Balloon artist Steve Mings sold his creations on Saturday at the annual Harvest Festival in Old Town La Verne. Along with balloons, the festival included vendors selling items that varied from jewelry to tamales. Visitors participated in activities that included music and a scarecrow contest. / photo by Blanca Rocha

by Jessica Rodriguez
Staff Writer

Homecoming events at the University of La Verne brought a large turnout to the annual La Verne Harvest Festival on Nov. 8 on D Street and 3rd Street in La Verne.

The festival is usually scheduled for the first Saturday in November to head off the fall season. Due to the timing of Halloween and All Saints Day on the first Saturday of the month, this year the festival was moved to the second Saturday of November.

“The turnout has been great this year, because of all the extra attention from the University,” said Dawn Cooper.

This is Cooper’s third year at the festival. She has a home- based business of scrap booking, called Creative Memories.

Cooper said that the festival helps build her clientele, book parties for her business and bring attention to the art of scrap booking.

The festival offered many activities. One could enjoy local entertainment while shopping for a variety of items.

Many craft and other items from paintings to personalized dog treats were for sale.

Along with the personal items, there was also a great deal of choices of food to eat like hamburgers and tamales.

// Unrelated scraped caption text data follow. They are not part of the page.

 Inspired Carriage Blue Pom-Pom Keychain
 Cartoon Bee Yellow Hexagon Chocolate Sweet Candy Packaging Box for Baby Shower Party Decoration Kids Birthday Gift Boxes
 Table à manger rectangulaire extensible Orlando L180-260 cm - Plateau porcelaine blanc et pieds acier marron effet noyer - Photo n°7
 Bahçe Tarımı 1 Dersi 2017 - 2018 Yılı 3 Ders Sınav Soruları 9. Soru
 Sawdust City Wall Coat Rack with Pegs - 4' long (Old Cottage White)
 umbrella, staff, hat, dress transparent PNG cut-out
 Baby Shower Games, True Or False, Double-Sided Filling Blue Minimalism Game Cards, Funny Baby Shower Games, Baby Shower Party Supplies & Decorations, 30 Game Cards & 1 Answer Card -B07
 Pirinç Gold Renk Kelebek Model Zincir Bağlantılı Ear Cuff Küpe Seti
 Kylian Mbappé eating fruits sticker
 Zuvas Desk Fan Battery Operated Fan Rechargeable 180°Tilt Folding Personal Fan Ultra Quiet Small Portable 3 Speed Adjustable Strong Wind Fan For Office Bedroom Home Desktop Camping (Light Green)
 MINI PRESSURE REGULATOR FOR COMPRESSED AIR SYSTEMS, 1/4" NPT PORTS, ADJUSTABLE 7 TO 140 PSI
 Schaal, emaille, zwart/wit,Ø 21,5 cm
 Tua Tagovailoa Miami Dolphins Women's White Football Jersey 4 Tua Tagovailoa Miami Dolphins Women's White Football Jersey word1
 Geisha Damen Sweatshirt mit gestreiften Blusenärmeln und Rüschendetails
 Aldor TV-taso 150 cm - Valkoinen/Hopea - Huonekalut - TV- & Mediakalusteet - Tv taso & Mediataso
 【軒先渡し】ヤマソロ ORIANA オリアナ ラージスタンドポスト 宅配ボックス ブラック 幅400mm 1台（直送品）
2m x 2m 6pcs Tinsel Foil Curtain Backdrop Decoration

There was also a different addition to the festival this year with a booth dedicated to The Garden of Angels, Inc. This is a corporation that educates expectant mothers.

A new law that has been adopted by many states allows parents to anonymously relinquish their babies within the first 72 hours of birth to designated hospitals, fire or police stations.

In November 2002, The Garden of Angels, Inc. started to collect donations for “safe surrender.”

The booth at the festival was set up to inform people who did not know about the law and also give them an opportunity to donate to the corporation.

Patrice Cianciosi, member of the board of directors for The Garden of Angels, Inc., said that the corporation is a final resting place for abandoned and unclaimed children.

Music and a scarecrow contest completed the festival.